• Your instructions: For the listing below, the answer is an exact retyping of the lines from the one with "GATED FRONT LINE GOLF DEVELOPMENT" through the one with "aj4.jpg (85480 bytes)", both included, without pictures.

• Source material:
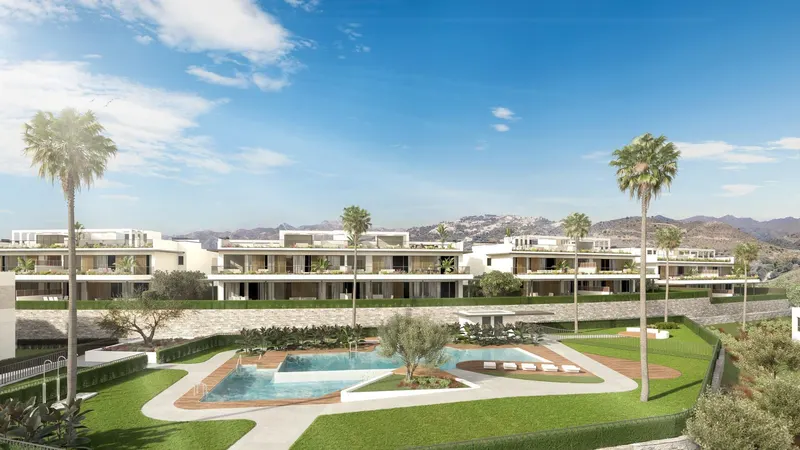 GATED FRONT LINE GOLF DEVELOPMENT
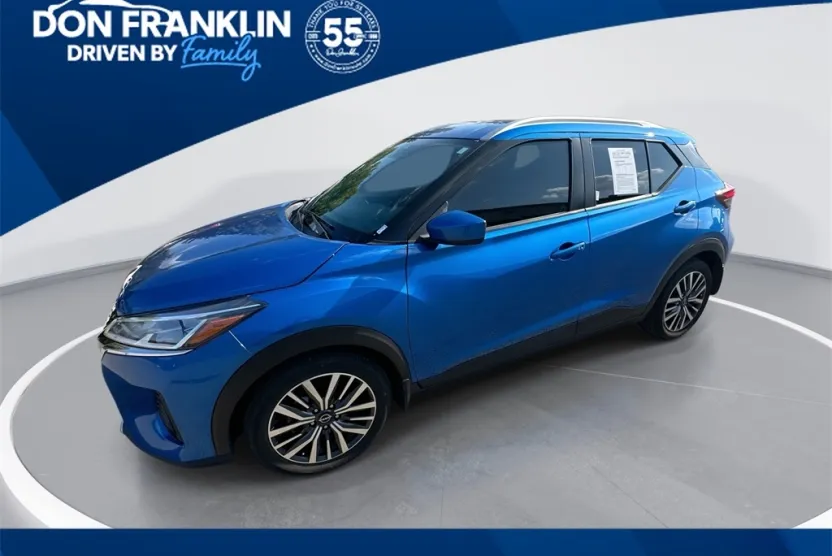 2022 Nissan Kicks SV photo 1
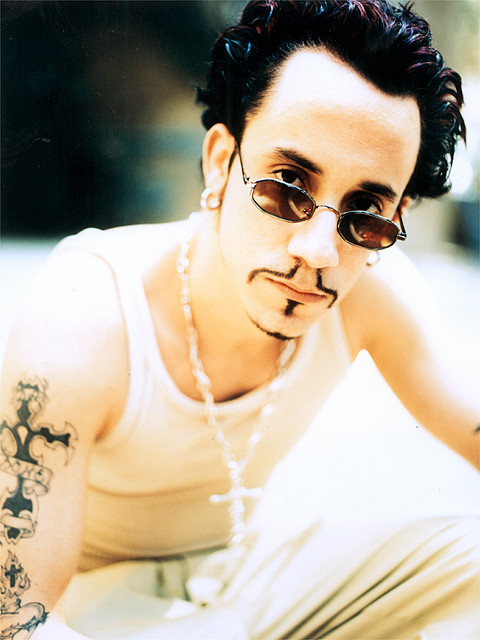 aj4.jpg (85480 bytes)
---
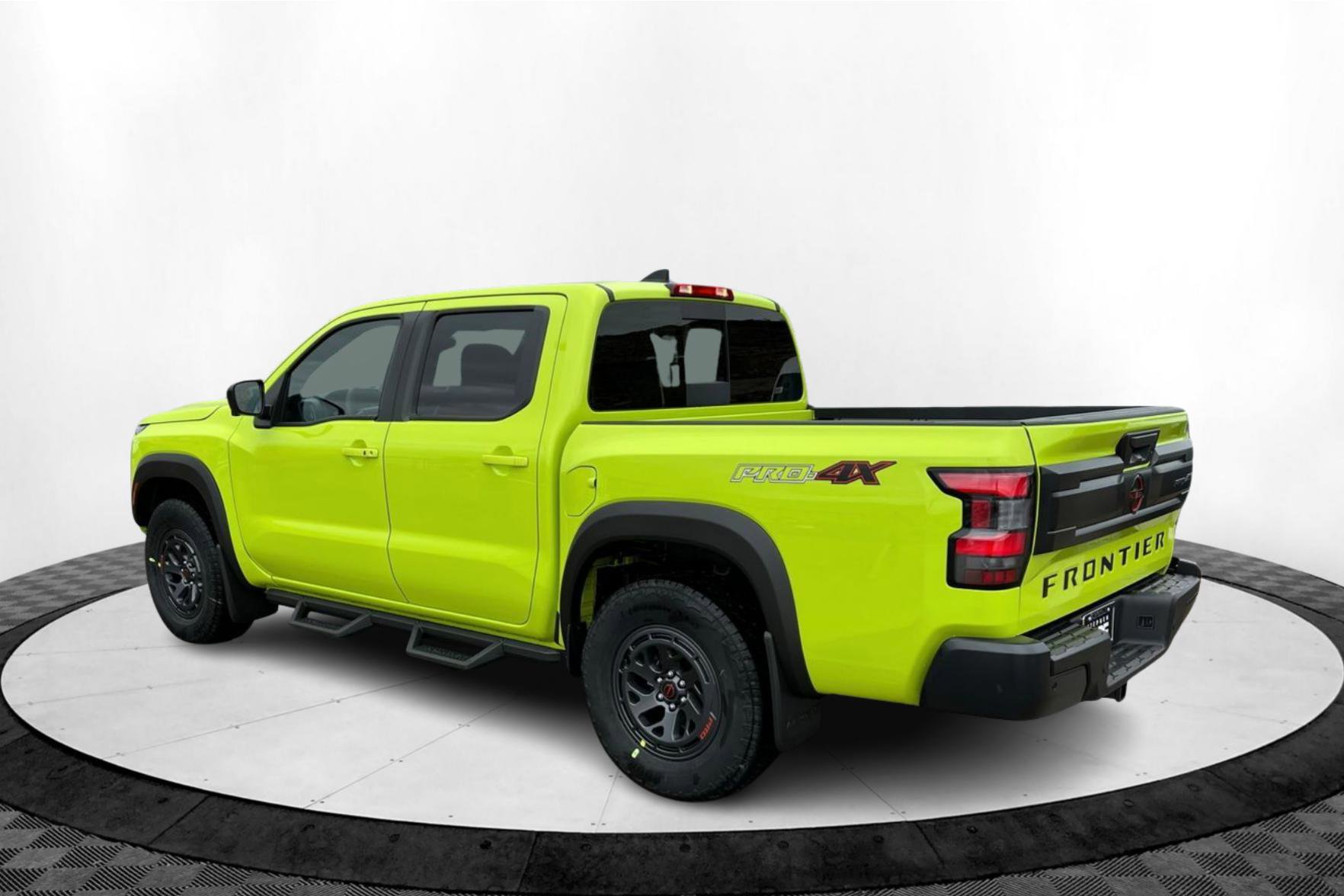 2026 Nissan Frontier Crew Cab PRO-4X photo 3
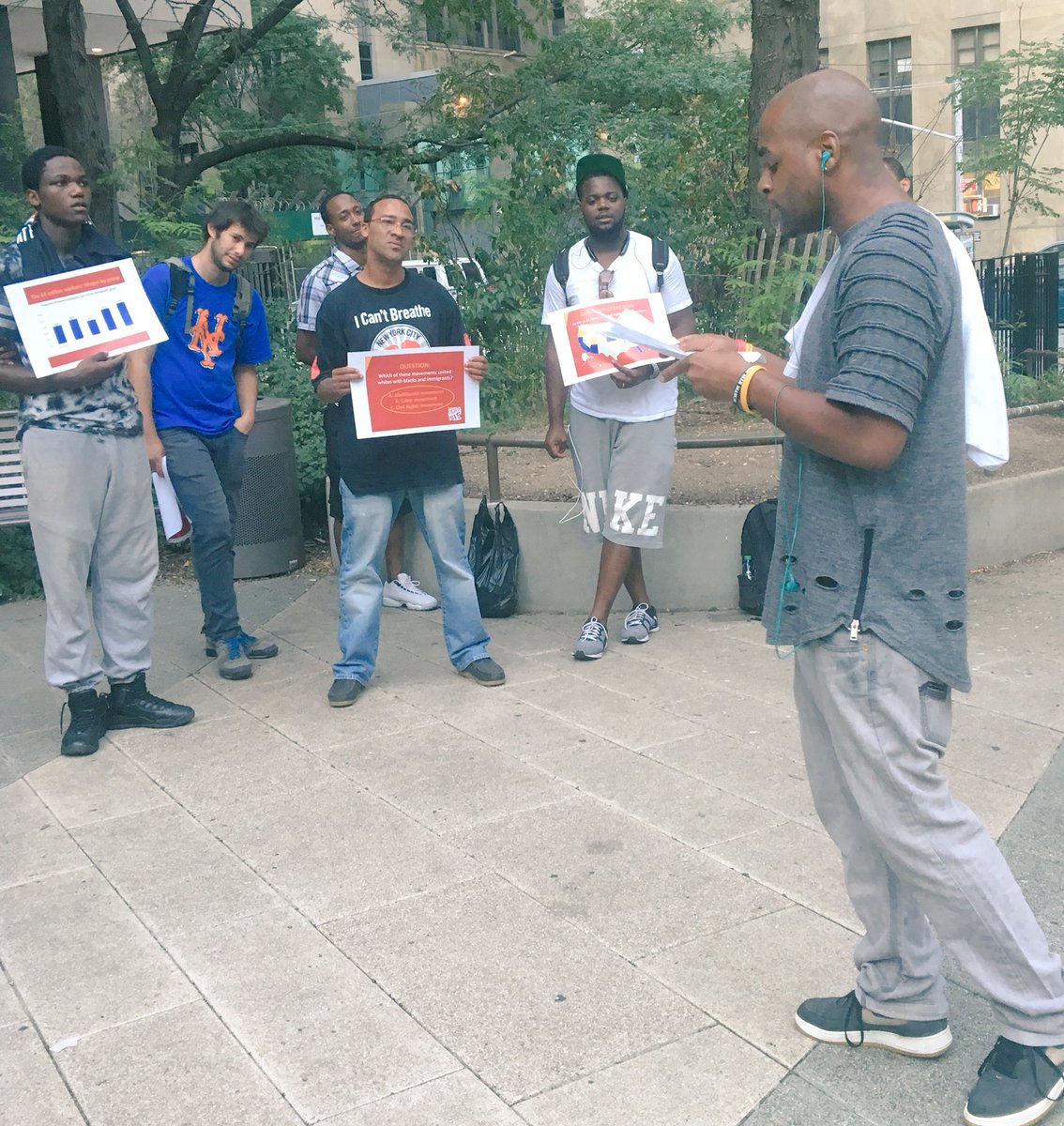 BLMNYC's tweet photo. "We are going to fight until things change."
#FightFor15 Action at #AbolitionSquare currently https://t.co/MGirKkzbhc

• Response:
 GATED FRONT LINE GOLF DEVELOPMENT
 2022 Nissan Kicks SV photo 1
 aj4.jpg (85480 bytes)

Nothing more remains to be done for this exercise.